La relación directa y de proximidad entre productores y consumidores abre una ventana de oportunidad para cubrir también esa necesidad existencial. El pequeño agricultor puede proveer a este ciudadano urbano de servicios medioambientales que le devuelvan ese contacto primario, esa relación perdida con la tierra: talleres, seminarios, formaciones, jornadas, ocio. Hay muchas posibilidades, que enriquecen y aportan valor a las dos partes.
Valor y precio
Como bien decía Antonio Machado: "Todo necio confunde valor y precio".
No queremos ser tomados por necios y por eso nos esforzamos en buscar el valor que hay detrás de todo lo que está a nuestro alrededor. Los seres humanos solemos comportarnos de formas paradójicas e incluso contradictorias. Por ejemplo, gastamos cientos o miles de euros en dispositivos electrónicos o en viajar a la otra punta del planeta. En cambio, escatimamos unos euros arriba o abajo en nuestra alimentación, sin tener en cuenta ni el origen de los productos, ni su calidad, ni cómo afecta el proceso de su producción a la tierra que todos habitamos, ni siquiera cómo afecta a nuestra salud. Ni tan sólo prestamos atención a la calidad del envase. Cuando actuamos así, nos fijamos en el precio, no en el valor. Y en el camino, caemos en lo que advertía el poeta.
Pero podemos evitarlo. La manera es hacer un cálculo real de prioridades y considerar, a partir de aquí, el conjunto de elementos que constituyen el valor real de un producto agrario, su valor objetivo. El valor es todo aquello que el agricultor aporta al producto en forma de calidad, proximidad, respeto por el medioambiente, mejora de la fertilidad de su tierra, de la biodiversidad del ecosistema, cuidado del paisaje, etc. Todo ese valor está intrínsecamente en el producto y los servicios que un agricultor responsable nos ofrece. Y son valores que deben tener su justo precio.
Clarifiquemos conceptos:
- Precio = cantidad de unidades monetarias de un producto (€)

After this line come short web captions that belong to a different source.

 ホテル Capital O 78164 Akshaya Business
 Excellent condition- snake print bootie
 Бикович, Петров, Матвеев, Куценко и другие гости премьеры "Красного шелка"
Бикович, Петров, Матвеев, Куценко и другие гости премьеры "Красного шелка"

- Valor objetivo = conjunto de propiedades que engloba el producto: calidad, respeto medioambiental, cuidado de la tierra, etc.
- Valor subjetivo = cómo percibe cada una de las partes el valor objetivo del producto
- Precio justo = aquel que satisface las expectativas y necesidades de las dos partes
El precio justo es tan sólo la cantidad económica necesaria para que el productor pueda ganarse la vida y continuar con su trabajo. Pero también para que el consumidor se sienta compensado por el producto y los servicios que recibe a cambio de su aportación. Las dos partes deben estar satisfechas con lo que aportan. El precio justo no es el más barato, ni el más caro. Es simplemente el que acopla las necesidades de todas las partes y posibilita una relación duradera y sostenible, una relación que no sólo es económica, sino también humana, de proximidad.
Tanto productores como consumidores tenemos una gran responsabilidad en la época que nos ha tocado vivir: nuestras decisiones definirán el mundo que viene, el planeta que legaremos a nuestros hijos y nietos. Un desierto o un vergel. ¿Qué elegimos? ¿Qué valor le otorgamos? ¿Estamos dispuestos a pagar un justo precio por el mundo en que deseamos vivir?